The rule — stated in Hill v. Gray, 160 Ala. 273, 276,49 So. 676, and in Graves v. Wheeler, 180 Ala. 412, 416,61 So. 341 — which pronounces void clauses in deeds or devises in absolute, not partial, restraint of the power of alienation of land conveyed or devised, is predicated of a grant or devise in fee simple. The essence of the stated rule is that the attempted restraint upon the power of alienation is inconsistent with the grant, the power to sell or lease being an inseparable incident of an estate in unqualified fee; and to allow such restraint would offend public policy. Mandlebaum v. McDonell, 29 Mich. 78, 18 Am. Rep. 61, 73, et seq., contains a discriminative and instructive treatment of the subject. The rule's force and effect is not avoided by the fact that the attempted restraint of alienation is limited to a period of time. Christmas v. Winston, 152 N.C. 48, 67 S.E. 58, 27 L.R.A. (N.S.) 1084; 8 R. C. L. pp. 1114, 1115. The application of the rule to the instrument under consideration depends upon its character as a conveyance. If it is not a grant in fee, the rule of Hill v. Gray, supra, is inapplicable. The conclusion upon this question turns, of course, upon the character of the grant, the instrument's construction and its effect in that aspect.

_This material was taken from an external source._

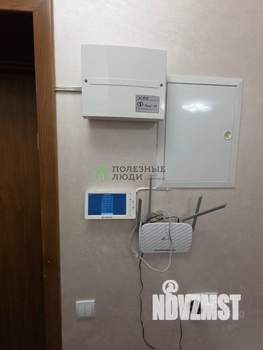 3-к квартира, вторичка, 118м2, 4/5 этаж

In this jurisdiction the creation of conditional estates, while recognized, is not favored; and it has been held here that the creation of a conditional estate by deed or devise will not be pronounced unless the "intent of the grantor to make a conditional estate is * * * clearly and unequivocally indicated." Zimmerman v. Daffin, 149 Ala. 380, 388, 42 So. 858,861 (9 L.R.A. [N. S. 663, 123 Am. St. Rep. 58); Hitt Lumber Co. v. Cullman Coal Co., 200 Ala. 415, 416, 417,76 So. 347. In all cases where it is doubtful "whether a clause in a deed imports a condition or a covenant, the latter construction will be adopted." Zimmerman v. Daffin, supra; Elyton Land Co. v. R. R. Co., 100 Ala. 396, 405, 406, 14 So. 207, among others. However, if from the language of the instrument the intention to create a conditional estate is clear and unequivocal, effect must be accorded that express purpose, unless to do so offends positive law or public policy. Hitt Lumber Co. v. Cullman Coal Co., supra. The construction of this deed is undertaken in the light of these conservative principles.

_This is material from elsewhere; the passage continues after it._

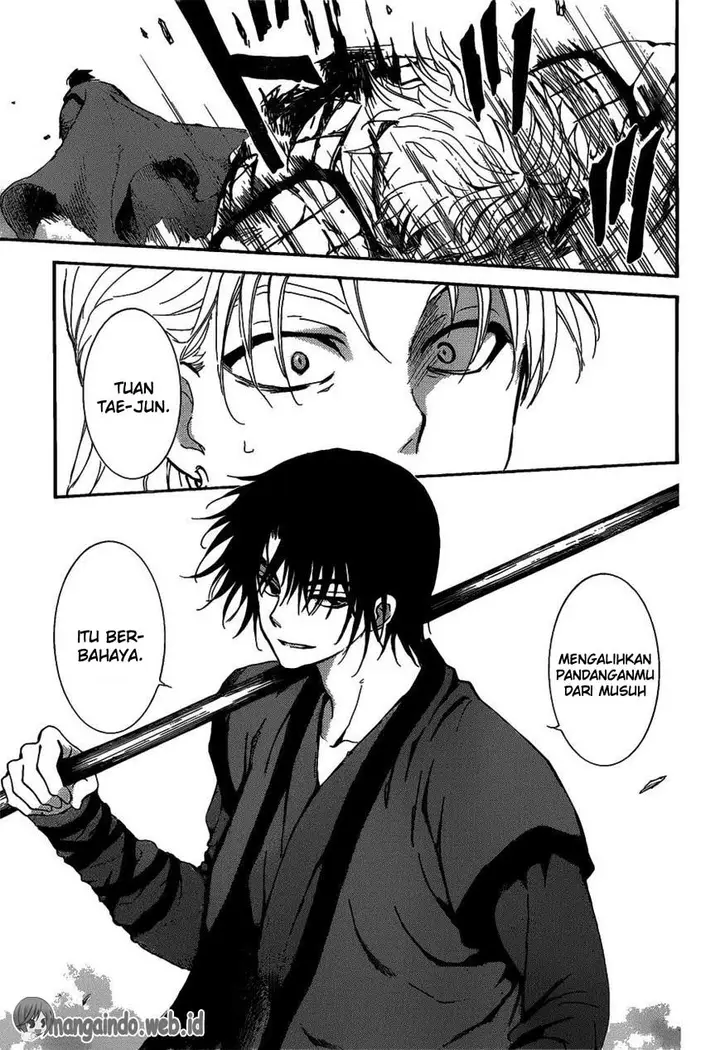 image-komik-akatsuki-no-yona-chapter-156-5/31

An owner in fee of real estate may convey an estate on condition. Code, § 3416, provides:

"Lands may be conveyed, within the limits fixed by law, so as to avoid perpetuities, and subject to such other restrictions as are imposed by this Code, for such terms as the owner thinks proper; and courts are enjoined to give effect in such cases to the intention and meaning of the parties."

In Gray v. Blanchard, 8 Pick. (Mass.) 284 — a deliverance approvingly quoted in Hitt Lumber Co. v. Cullman Coal Co., supra — it was said:

"Every proprietor of an estate has jus disponendi. He may grant it with or without condition; and if he grants it upon condition directly, the estate of the grantee will terminate with the breach of the condition, if the grantor chooses to avail himself of the forfeiture and enter for the breach."

To grants of valid conditional fees the rule against perpetuities does not apply to defeat or to avoid the right of entry of the grantor or devisor and his heirs for breach of condition, at however remote a time the breach may occur. Tobey v. Moore, 130 Mass. 448; Hopkins v. Grimshaw, 165 U.S. 342,355, 356, 17 Sup. Ct. 401, 41 L.Ed. 739; Cowell v. Springs Co.,100 U.S. 55, 57, 58, 25 L.Ed. 547; Gray on Perpetuities (2d Ed.) §§ 304-310. After criticizing the soundness of numerous decisions concluding in accordance with the doctrine stated, Gray concedes, at section 310 of his second edition, that — *684

The "great consensus of authority, although without any consideration of the question involved, may perhaps be held to settle the law for the United States, and to create in this country an exception, arbitrary though it be, to the rule against perpetuities."

To like effect are his observations at sections 304 and 306. That author, in his notes to sections 306, 307, lists as within the category of his quoted statement Henry v. Etowah County,77 Ala. 538, and Carter v. Chaudron, 21 Ala. 72, 88, 90. The rule against perpetuities and the rule against the suspension of the power of alienation are the expressions of distinct conceptions that should not be confused. 21 R. C. L. p. 284, and notes.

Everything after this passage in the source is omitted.